Yesterday I treked through Costo with a membership-holding friend, the first time I had been there in over a year. In the olden days before Trader Joe's arrived in town, I might have picked up maple syrup, smoked salmon, Cabot cheddar cheese in big blocks, giant bags of salad, maybe some red snapper, but this time, I walked out with kitchen trash bags and a large box of organic chicken doggie treats-"No wheat, no corn, no by-products!"--from Castor & Pollux, Lincoln, Nebraska. ( The dawg approved.)
Later that night I read an excerpt in The Week from a piece by Steven Rinella in Outside magazine about his quest to eat dog, in Hanoi. He eats grilled strips of sesame crusted dog, dog feet ( I blogged once about the dog feet platter that whipped past those of us at the vegetarian table at a banquet in China), even plain old boiled dog leg. And he is not happy, though he knows much of the world does eat dog. ( Apparently native people of the Americas once were hound chow hounds, if you will. )
On his final day of eating dog---you can read the entire story here---he reports:
"I'm trying to will myself into a nonchalant attitude—just a guy in a restaurant eating his meal.

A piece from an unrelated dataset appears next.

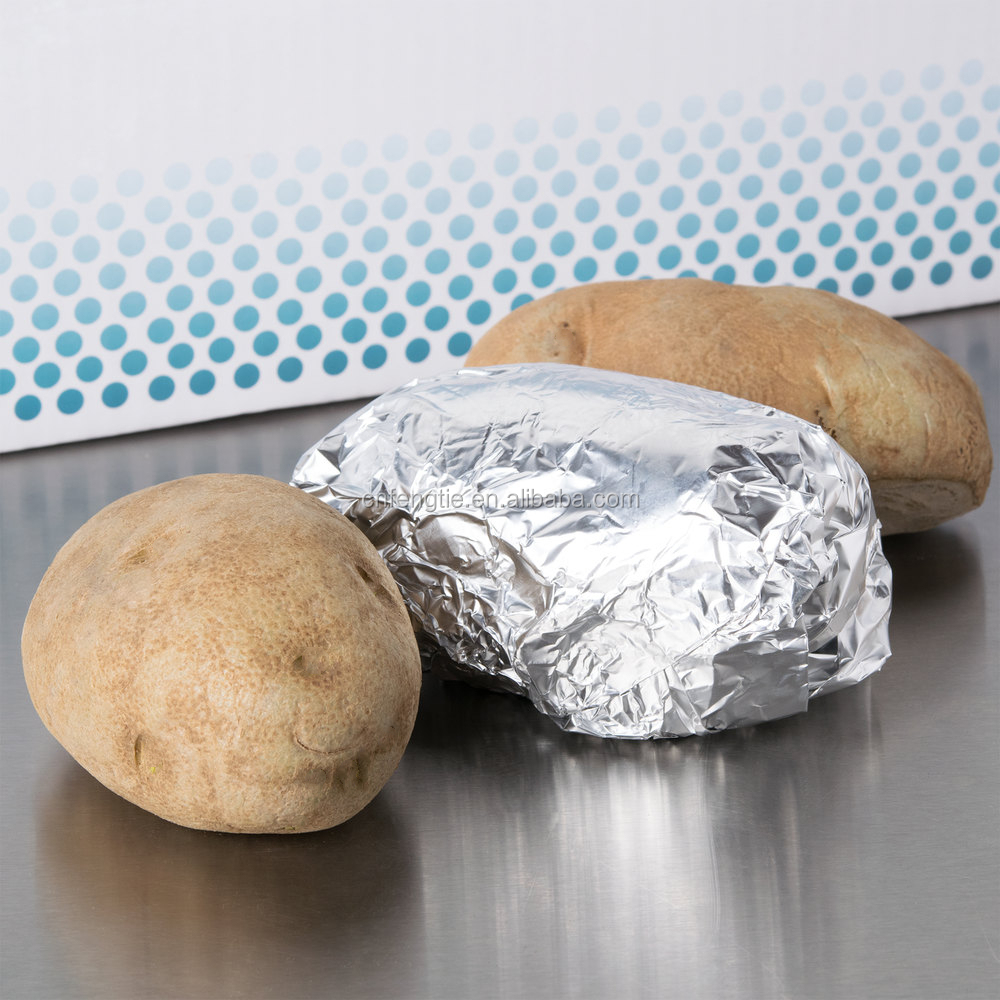 合兴包装:暂不直接生产原纸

I can't do it. I'm forcing it down, and it is not enjoyable. At this point, I've answered for myself the question I wanted answered: If your culture and your culinary curiosities go head to head, culture's going to win. It'll win even if you're rooting against it."

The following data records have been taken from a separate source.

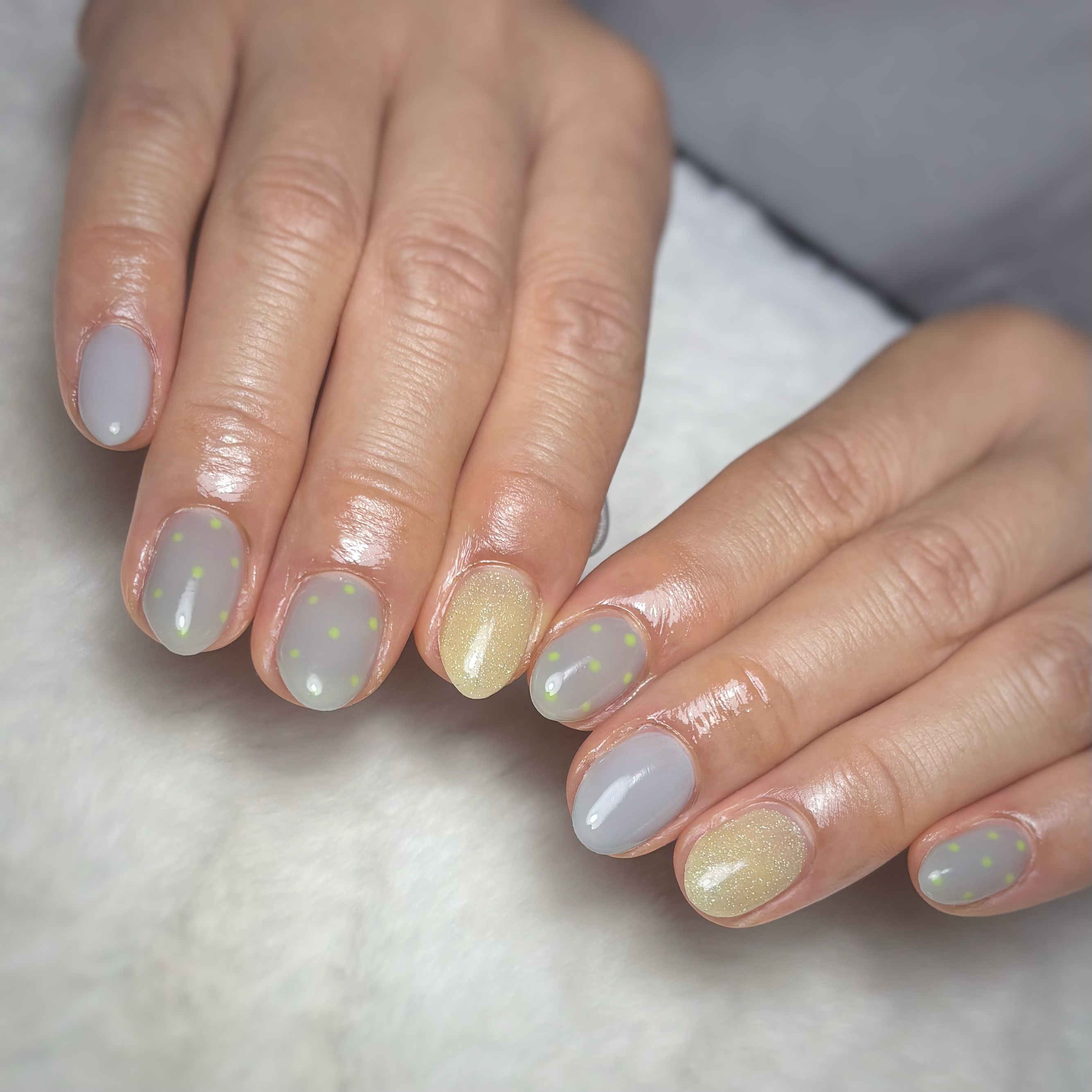Nail_atelier72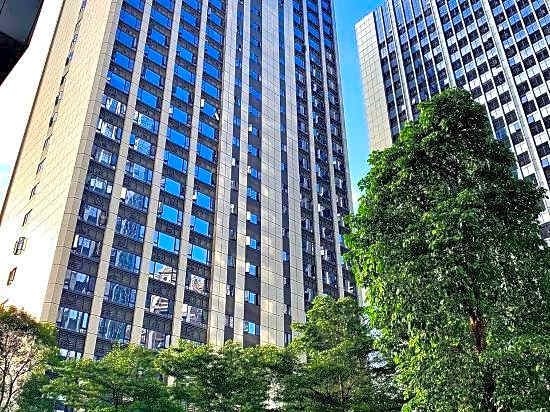 Guangzhou Miyou Hotel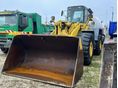 KOMATSU 1998 - 3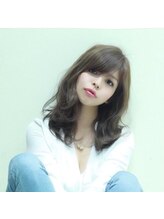 スタジオアズ(studio AZ) 山下 恩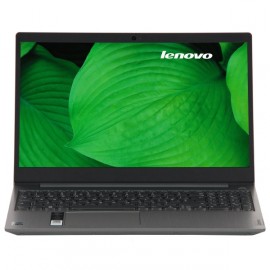 Ноутбук Lenovo IdP 3 15IML05/81WB0101UE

So---Even extreme eaters like Rinella cannot easily block memories of furry family pets while trying to reconsider them as food.
And then there are feathered pets---I first gave up eating chicken when our zany, alert pet hen, Harold, wandered into my kitchen in Belgium one evening. Chicken breasts about to go in the oven for dinner were on the table. I picked her up for a cuddle, in the manner she liked, and realized ( duh!) that her scrawny little chest was an unsettling reminder of the breasts I had just dredged in flour.
Since that time over 30 years ago, I have indeed eaten some occasional chicken--the rosemary-infused organic roast chicken perfected by my pal on the Hudson River, for example--and the inadvertent hen that I try to skirt in one dish at my local Thai buffet, and, of course, I feed chicken to my pet.
If you get to know most any animal at all well--a dog, a pig, a lamb, a hen--then it's so...
"I did not become a vegetarian for my health, I did it for the health of the chickens." Issac Bashevis Singer
( Dog pictured was the recipient of the organic chicken cookies, not a meal.)